=== WHAT YOU SHOULD DO ===
Return the records below exactly; pictures stay out.
-- DATASET RECORDS follows --
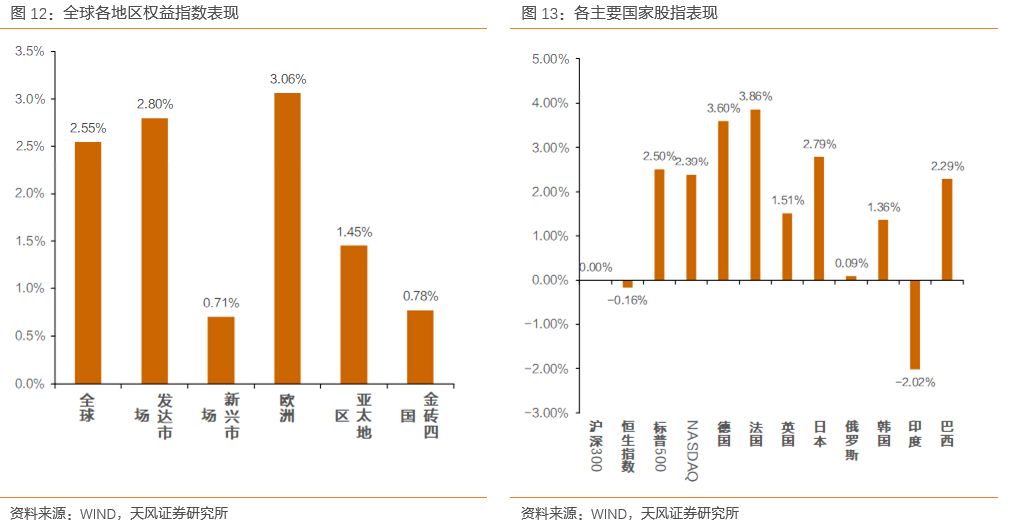 六合天气评测3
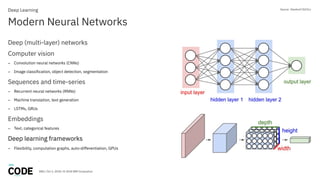 DBG / Oct 3, 2018 / © 2018 IBM Corporation
Modern Neural Networks
Deep Learning
Deep (multi-layer) networks
Computer visio...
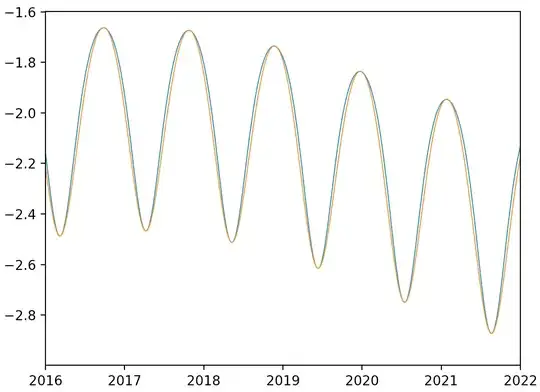 JPL Horizons Jupiter apparent magnitude from Earth vs simple model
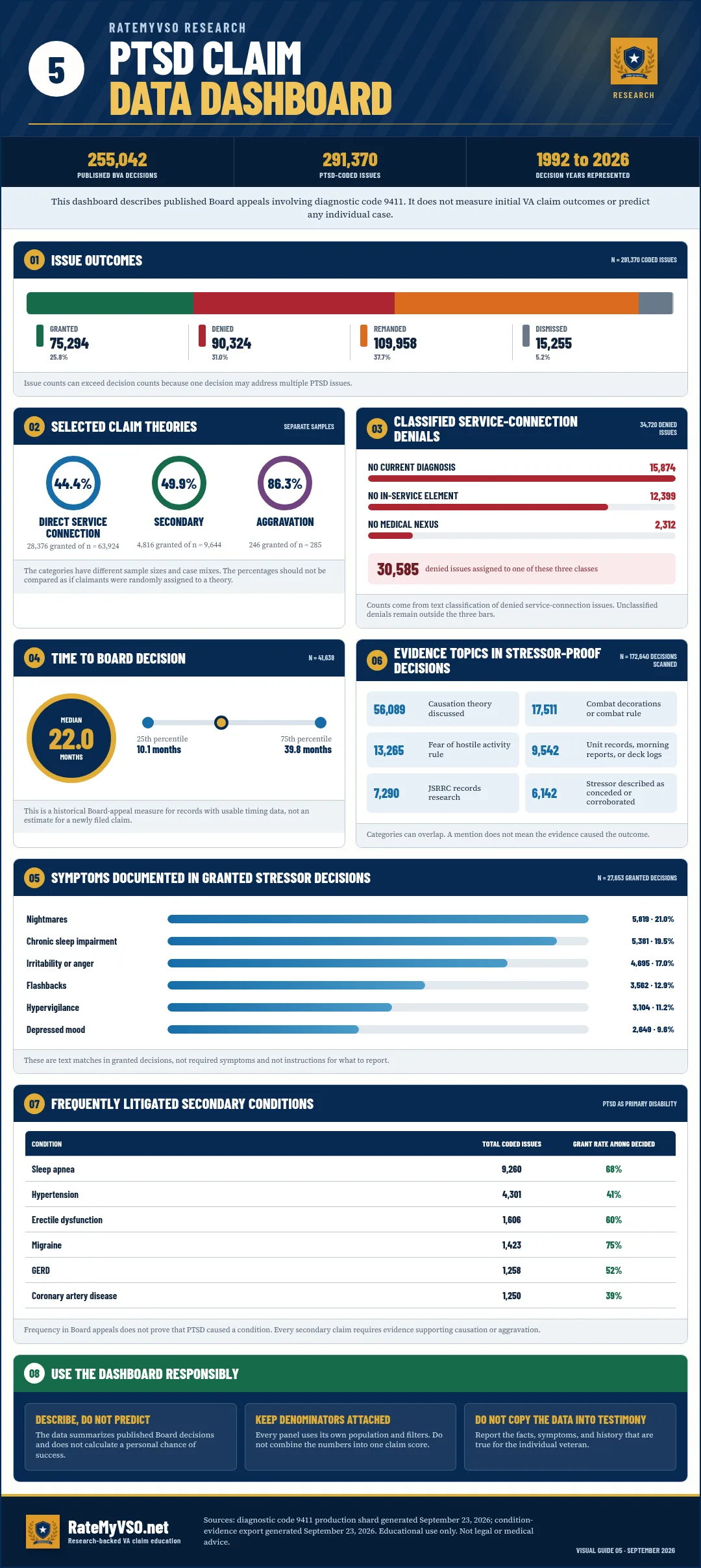PTSD Board-data dashboard covering claim theories, denial classifications, wait times, symptoms and stressor-proof markers, across 291,370 coded issues from 255,042 decisions.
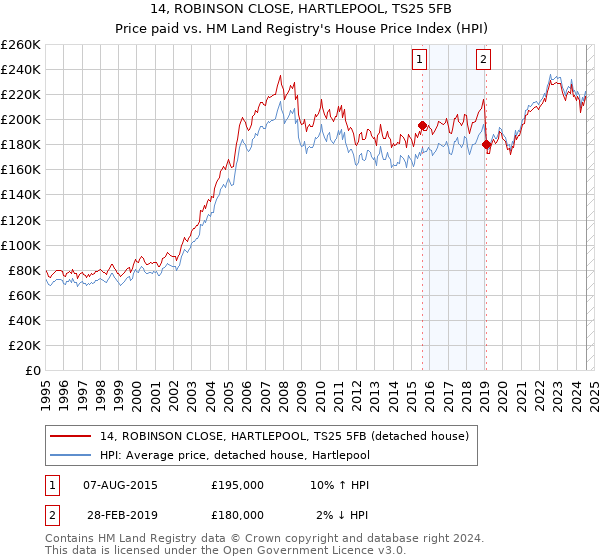 14, ROBINSON CLOSE, HARTLEPOOL, TS25 5FB: Price paid vs HM Land Registry's House Price Index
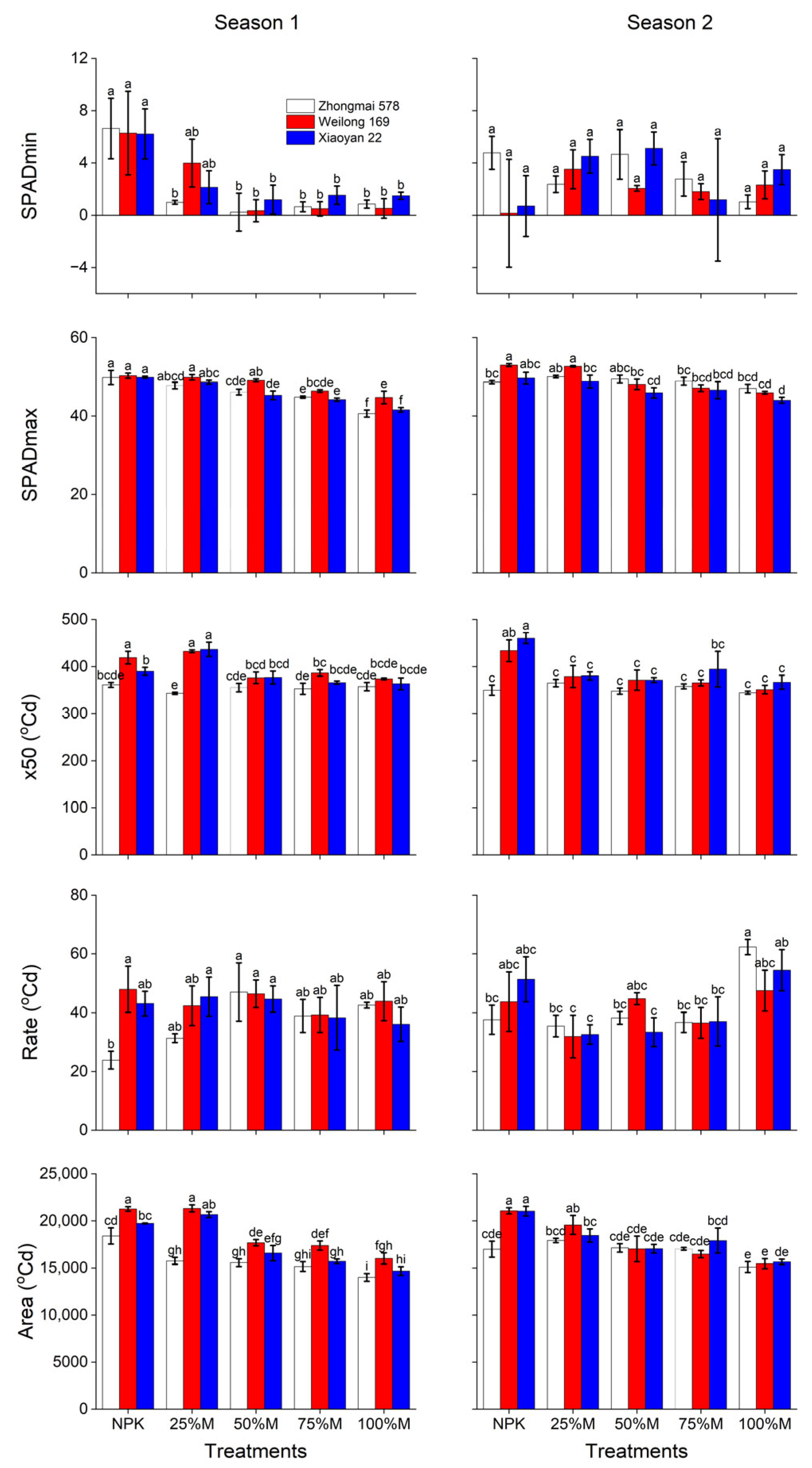 Agronomy 15 01679 g004 Agronomy 15 01679 g004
-- DATASET RECORDS concluded --
=== COMPLETED TASK ===
 六合天气评测3
 DBG / Oct 3, 2018 / © 2018 IBM Corporation
Modern Neural Networks
Deep Learning
Deep (multi-layer) networks
Computer visio...
 JPL Horizons Jupiter apparent magnitude from Earth vs simple model
PTSD Board-data dashboard covering claim theories, denial classifications, wait times, symptoms and stressor-proof markers, across 291,370 coded issues from 255,042 decisions.
 14, ROBINSON CLOSE, HARTLEPOOL, TS25 5FB: Price paid vs HM Land Registry's House Price Index
 Agronomy 15 01679 g004 Agronomy 15 01679 g004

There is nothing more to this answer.